My concerns grow . . .

Over at Washington Policy Center, Liv Finne did a summary of the first Senate Early Learning and K-12 Education Committee meeting under the leadership of Senator Litzow.  She characterized it as a glass of cold, fresh air blowing through a Senate hearing room.

A new day is dawning for children in our state. Sound reform ideas that were denied a hearing in the past are now being included in the policy debate, thanks to the new openness of Chairman Litzow.

Some of what she sees as positive I see as a step backward.  Check the post for the short summary of eight points ranging from little correlation between revenue, class size and achievement to school employee benefits starving classrooms of needed funds.  I struggle with many of them, but in particular the following focused on the possible repeal of HB 2261, the reform bill that the Supreme Court is using as a marker for future funding under the McCleary decision.

The Legislature has the power and responsibility to define Basic Education.
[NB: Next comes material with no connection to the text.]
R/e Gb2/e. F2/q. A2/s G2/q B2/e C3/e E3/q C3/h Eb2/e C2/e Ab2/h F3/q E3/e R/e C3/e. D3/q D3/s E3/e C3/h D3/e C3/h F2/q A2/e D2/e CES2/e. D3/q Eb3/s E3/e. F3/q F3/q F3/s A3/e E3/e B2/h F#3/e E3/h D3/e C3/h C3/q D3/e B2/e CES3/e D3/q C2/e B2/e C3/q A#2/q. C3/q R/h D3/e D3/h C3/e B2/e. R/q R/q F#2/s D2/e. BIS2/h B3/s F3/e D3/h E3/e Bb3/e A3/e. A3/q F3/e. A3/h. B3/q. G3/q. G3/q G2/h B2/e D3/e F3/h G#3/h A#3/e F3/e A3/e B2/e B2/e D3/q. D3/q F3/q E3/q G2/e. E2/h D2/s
The Legislature can repeal HB 2261 and still comply with the McCleary court decision, said Senior Assistant Attorney General Dave Stolier;

I understand that the legislators could repeal the definition of basic education under 2261, but struggle to understand how this would be a positive step for young people.  Stepping back to create a new definition that may make it easier for this or future legislators to fund makes no sense given the current need to focus on TPEP and preparing young people for Common Core assessments or considering the great deal of time, energy, and money that went into development of this definition and funding model.  We need stability, not new studies and shifting targets.
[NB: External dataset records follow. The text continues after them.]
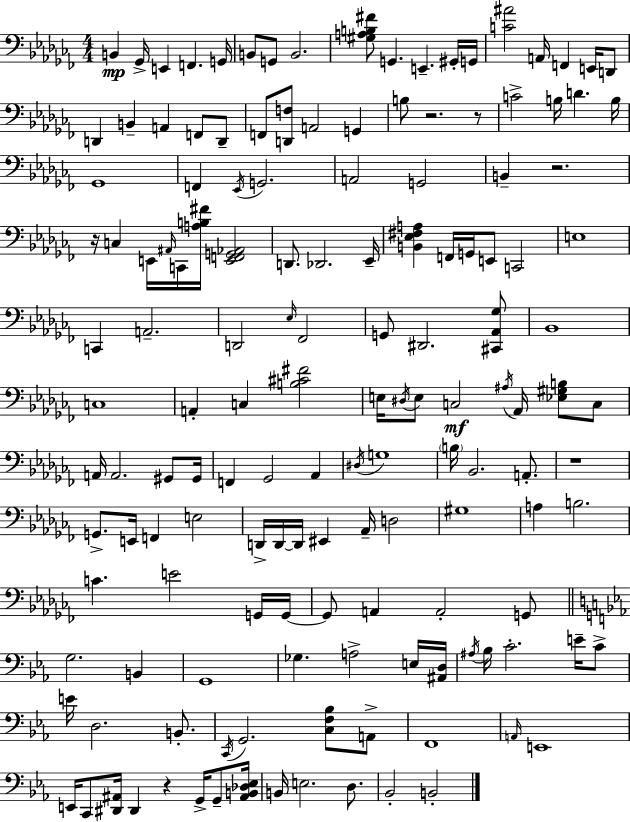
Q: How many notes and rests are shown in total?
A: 148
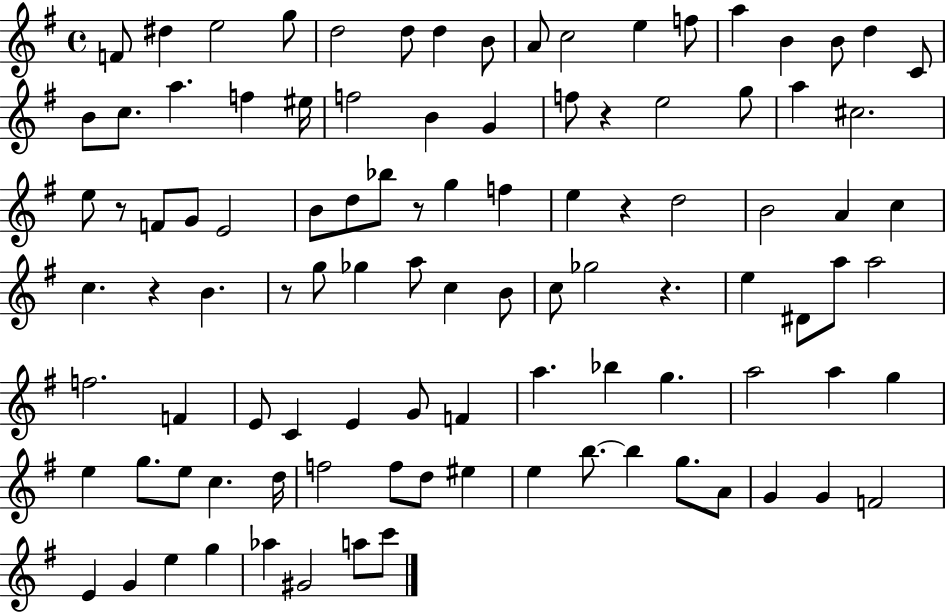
{
  \clef treble
  \time 4/4
  \defaultTimeSignature
  \key g \major
  f'8 dis''4 e''2 g''8 | d''2 d''8 d''4 b'8 | a'8 c''2 e''4 f''8 | a''4 b'4 b'8 d''4 c'8 | \break b'8 c''8. a''4. f''4 eis''16 | f''2 b'4 g'4 | f''8 r4 e''2 g''8 | a''4 cis''2. | \break e''8 r8 f'8 g'8 e'2 | b'8 d''8 bes''8 r8 g''4 f''4 | e''4 r4 d''2 | b'2 a'4 c''4 | \break c''4. r4 b'4. | r8 g''8 ges''4 a''8 c''4 b'8 | c''8 ges''2 r4. | e''4 dis'8 a''8 a''2 | \break f''2. f'4 | e'8 c'4 e'4 g'8 f'4 | a''4. bes''4 g''4. | a''2 a''4 g''4 | \break e''4 g''8. e''8 c''4. d''16 | f''2 f''8 d''8 eis''4 | e''4 b''8.~~ b''4 g''8. a'8 | g'4 g'4 f'2 | \break e'4 g'4 e''4 g''4 | aes''4 gis'2 a''8 c'''8 | \bar "|."
}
If the point above doesn't create some concern for you, try point eight below.

HB 2261 prototype school staffing formulas are already out-of-date, as is the single salary pay scale.

I don't know what data they are using to suggest that the staffing formulas are out-of-date; I can only hope that they mean that they don't provide enough staffing support, but somehow I doubt that will become the focus.  What do you think may be the mental model behind the single salary schedule being out-of-date?   What might emerge in the conversations as a more current model?

As I shared in previous posts, it will be important to follow this session closely and to let our legislators know that we need stability with no new unfunded mandates.





1 comment:

Boomer said...

My guess on the single salary schedule is East side of the state vs. West Side of the state. Allowing rural districts to pay rural salaries, similar to a model used in other states like Arizona. A teacher in Phoenix makes about $15,000 more than one in Flagstaff.